Why subject your perfectly grilled burger to store-bought buns this Labor Day weekend when you can bake your own at home?
By Brady Evans
I made the perfect hamburgerfor my Independence Day cookout. Finding a perfect patty recipe is an accomplishment in and of itself and I couldn’t let it be ruined by subpar grocery store buns. Baking yeast breads isn’t too hard for the home cook to attempt on a lazy day off.
I adapted the recipe that originally calls for white enriched bread flour to use a combination of all purpose and whole wheat flours (because that’s what I had on hand). These buns were a match for the burgers – soft, sturdy, tender, and flavorful.

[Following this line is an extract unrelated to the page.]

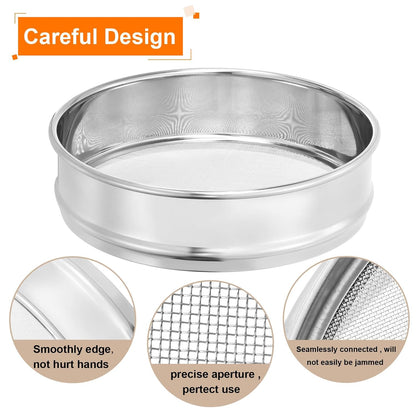 10 Mesh Lab Sieve, 8" Diameter Test Sieve 304 Stainless Steel Wire Cloth (2mm) for Industrial Laboratory - Colors B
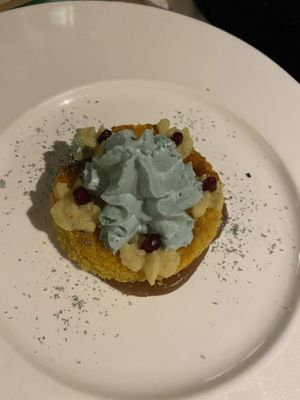 Pan di Spagna con crema di marron glacé spuma di cocco  #Veganuary at L'Orto Gia Salsamentario in Turin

Speaking of the burgers, don’t be dissuaded by the simplicity of the ingredients: the combination lets the flavor of the beef shine.
- 1 lb. (450 grams) ground chuck or ground lean beef (I liked 10% fat the best)
- 2 Tbs. finely chopped yellow onion
- 1 tsp. minced garlic
- 1 tsp. salt
- ½ tsp. freshly ground pepper
- 1 or 2 dashes of Worcestershire sauce
- 3 tablespoons (45 mL) warm milk
- 2 teaspoons active dry yeast
- 2½ (35 mL) tablespoons sugar
- 2 large eggs
- 3 cups (710 mL) bread flour**
- ⅓ cup (80 mL) all-purpose flour**
- 1½ teaspoons salt
- 2½ tablespoons unsalted butter, softened
- Sesame seeds (optional)
- if using all purpose and whole wheat flours, use 1.5 cups (355 mL) all purpose flour and 1.5 cups (355 mL) bread flour + 4 T (60 mL) vital wheat gluten
- Prepare a charcoal or gas grill for direct grilling over medium-high heat.
- In a large bowl, mix together the beef, yellow onion, garlic, salt, pepper and Worcestershire sauce.
- Form the mixture into 4 patties, each ¾ inch (2 cm) thick.
- Grill the hamburgers directly over medium-high heat, turning once, 3 to 5 minutes per side.
- Check for doneness by cutting into a hamburger near the center or testing with an instant-read thermometer.
- No pink should show on the inside, and the internal temperature should register at least 160°F (62* C) on an instant-read thermometer.
- In a glass measuring cup, combine one cup warm water, the milk, yeast and sugar.
- Let stand until foamy, about five minutes. Meanwhile, beat one egg.
- In a large bowl, whisk flours with salt.
- Add butter and rub into flour between your fingers, making crumbs.
- Using a dough scraper, stir in yeast mixture and beaten egg until a dough forms.
- Scrape dough onto clean, well-floured counter and knead, scooping dough up, slapping it on counter and turning it, until smooth and elastic, 8 to 10 minutes.
- The dough will be on the sticky side so it can be a bit messy, but keep in mind that the more flour you knead in, the tougher the buns will get.
- Try to leave them tackier than you would a round loaf.
- Shape dough into a ball and return it to bowl.
- Cover bowl with plastic wrap and let rise in a warm place until doubled in bulk, one to two hours.
- Line a baking sheet with parchment paper.
- Using dough scraper, divide dough into 8 equal parts.
- Gently roll each into a ball and arrange two to three inches apart on baking sheet.
- Cover loosely with a piece of plastic wrap lightly coated in nonstick spray and let buns rise in a warm place for one to two hours.
- Set a large shallow pan of water on oven floor.
- Preheat oven to 400 degrees F (200 C) with rack in center. Beat remaining egg with one tablespoon water and brush some on top of buns.
- Sprinkle with sesame seeds, if using.
- Bake, turning sheet halfway through baking, until tops are golden brown, about 15 minutes. Transfer to a rack to cool completely.